*** Opening DATA EXTRACT ***

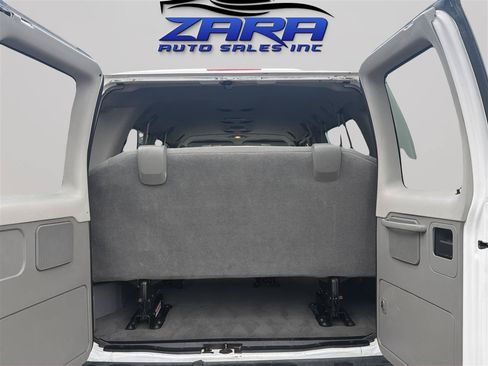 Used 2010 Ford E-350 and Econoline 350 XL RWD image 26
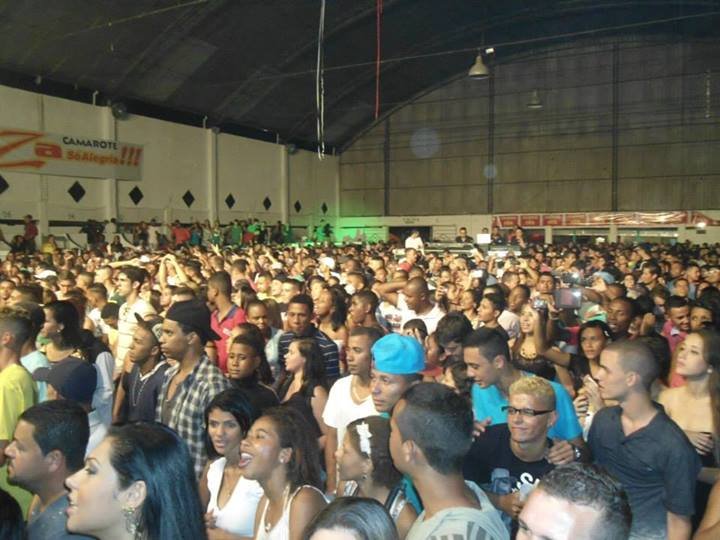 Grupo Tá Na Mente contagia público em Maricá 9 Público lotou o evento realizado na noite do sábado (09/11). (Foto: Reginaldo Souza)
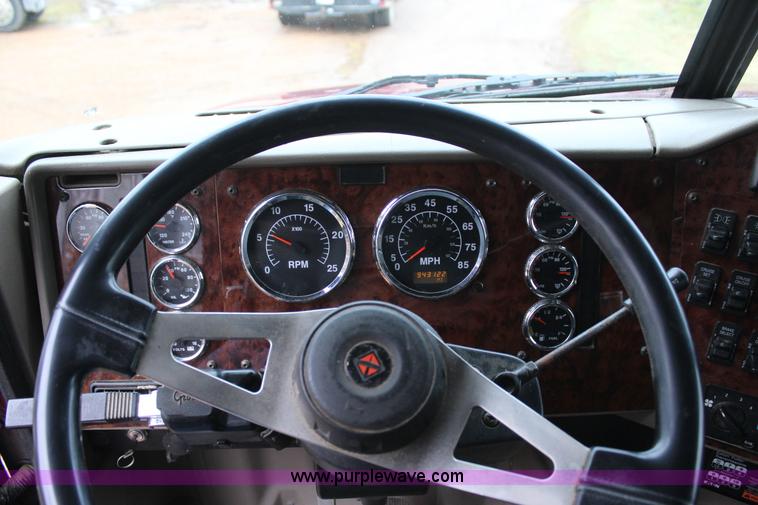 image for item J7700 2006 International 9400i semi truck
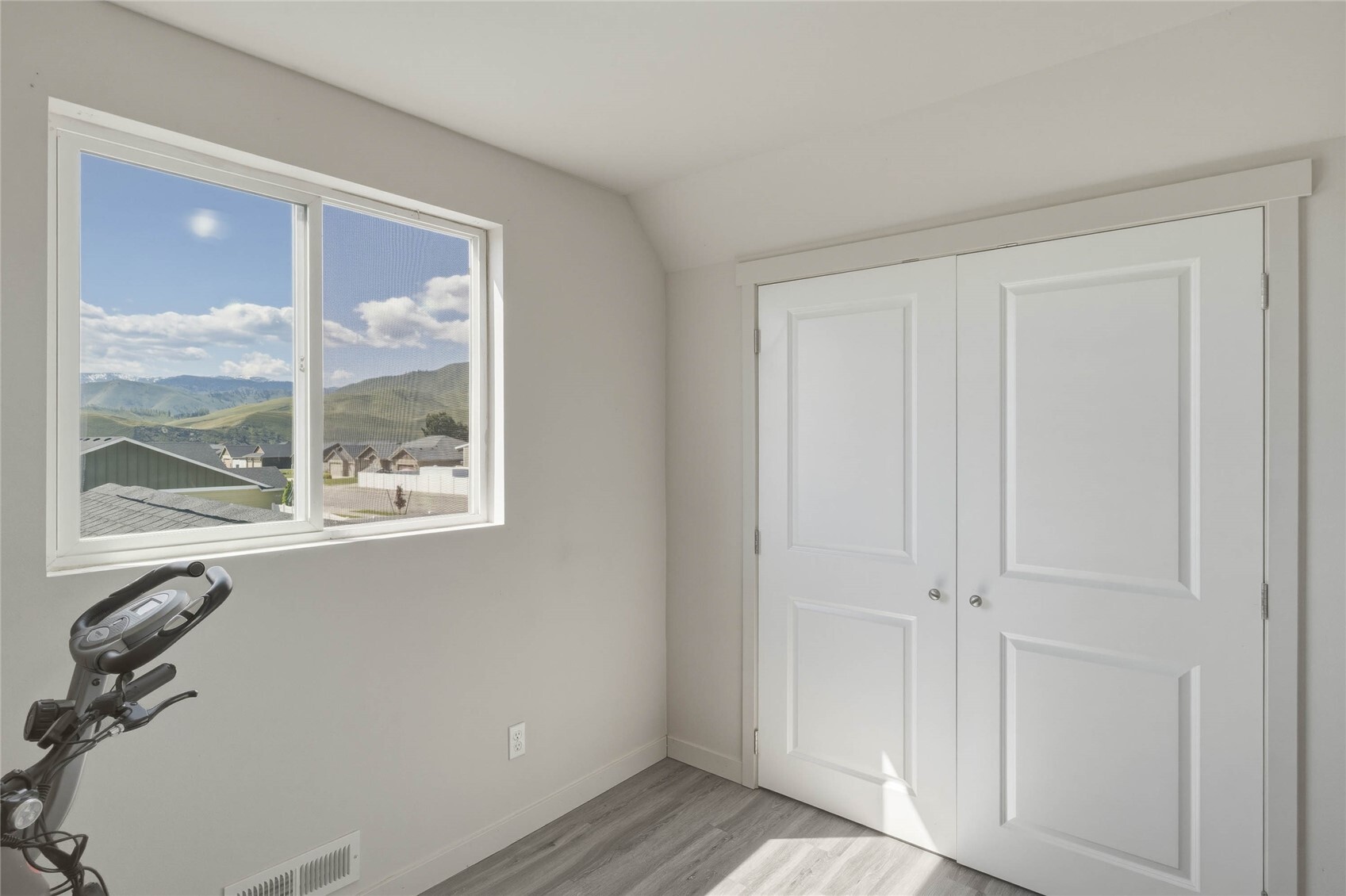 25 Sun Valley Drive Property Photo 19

*** Closing DATA EXTRACT ***

- WHAT THE TASK REQUIRES
Word for word, repeat all the data, but not its images.

- REPLY TO THE TASK
 Used 2010 Ford E-350 and Econoline 350 XL RWD image 26
 Grupo Tá Na Mente contagia público em Maricá 9 Público lotou o evento realizado na noite do sábado (09/11). (Foto: Reginaldo Souza)
 image for item J7700 2006 International 9400i semi truck
 25 Sun Valley Drive Property Photo 19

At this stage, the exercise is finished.